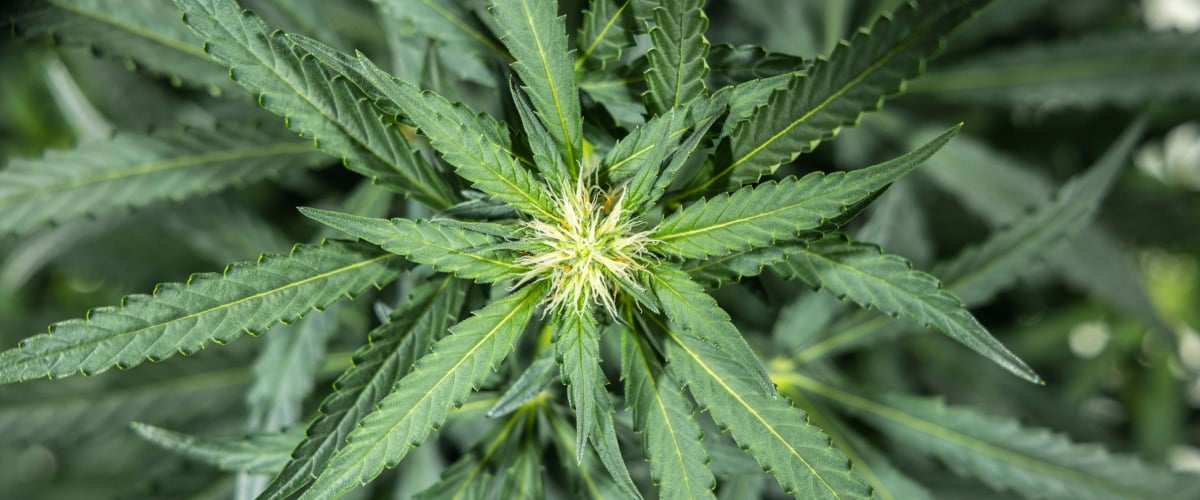 North Thunderfuck cannabis plant in week 5 of early flowering showing fresh white pistils forming at bud sites and healthy fan leaves under LED light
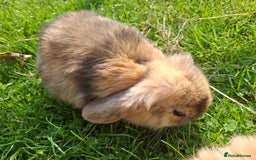 Mini Lop rabbits for sale: Beautiful Baby Mini Lops for sale - Image 4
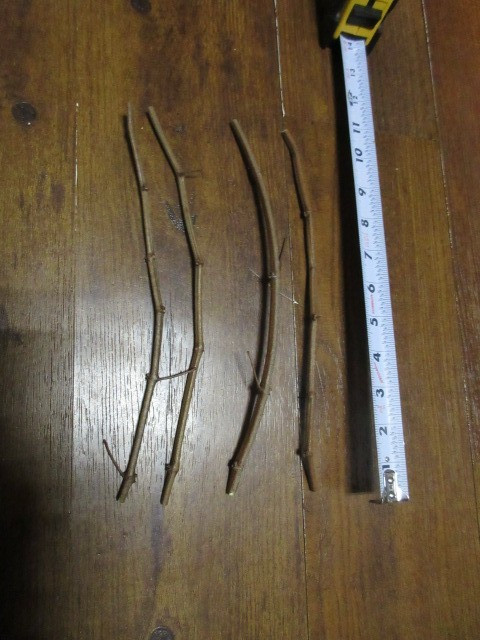 4x Razzmatazz Grape Fresh 2026 Dormant Vine Cutting Scion 8-12″ for Rooting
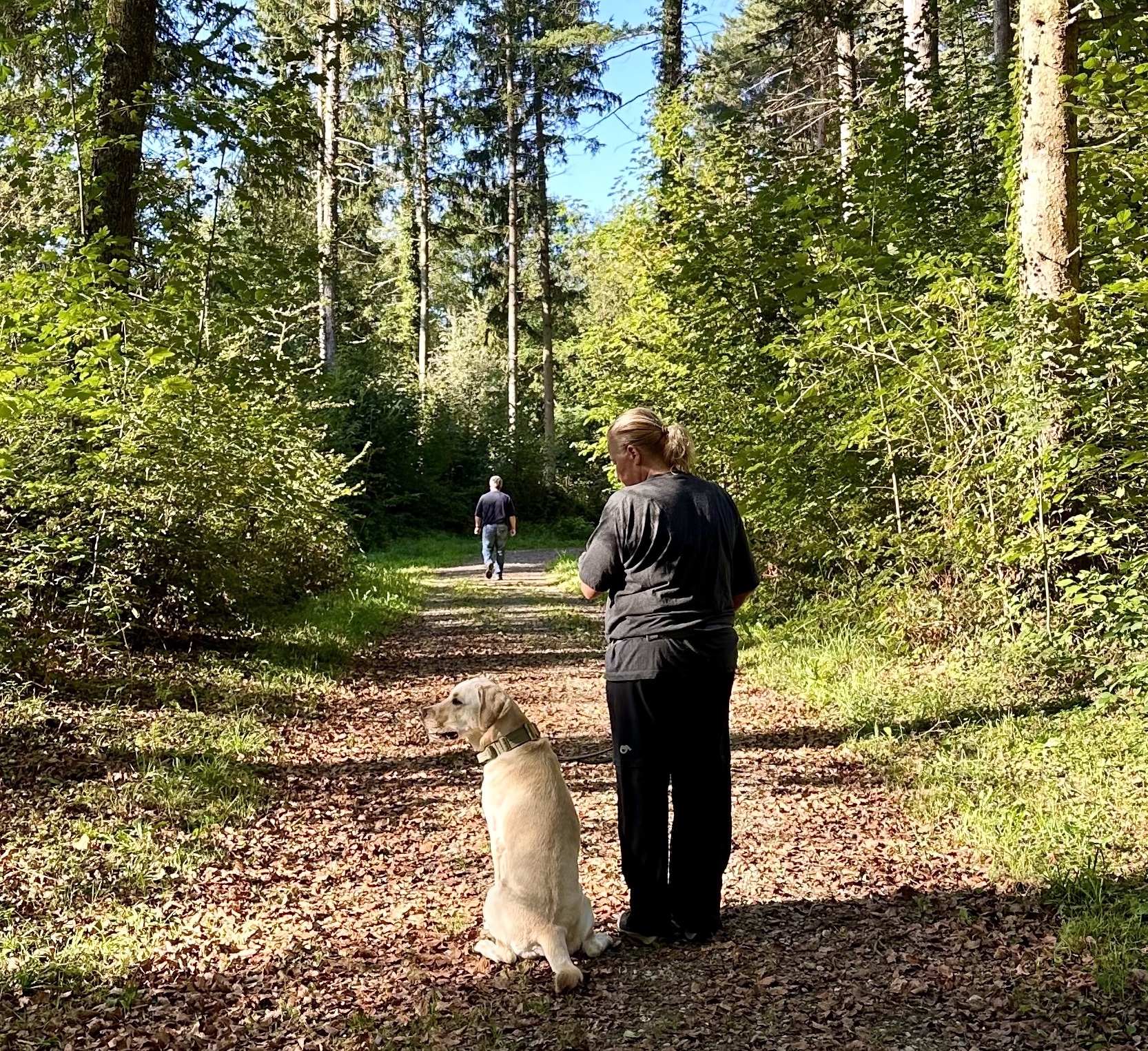 Privatlektionen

» Task description: Produce the full material again verbatim, with the pictures dropped.

» Written answer:
 North Thunderfuck cannabis plant in week 5 of early flowering showing fresh white pistils forming at bud sites and healthy fan leaves under LED light
 Mini Lop rabbits for sale: Beautiful Baby Mini Lops for sale - Image 4
 4x Razzmatazz Grape Fresh 2026 Dormant Vine Cutting Scion 8-12″ for Rooting
 Privatlektionen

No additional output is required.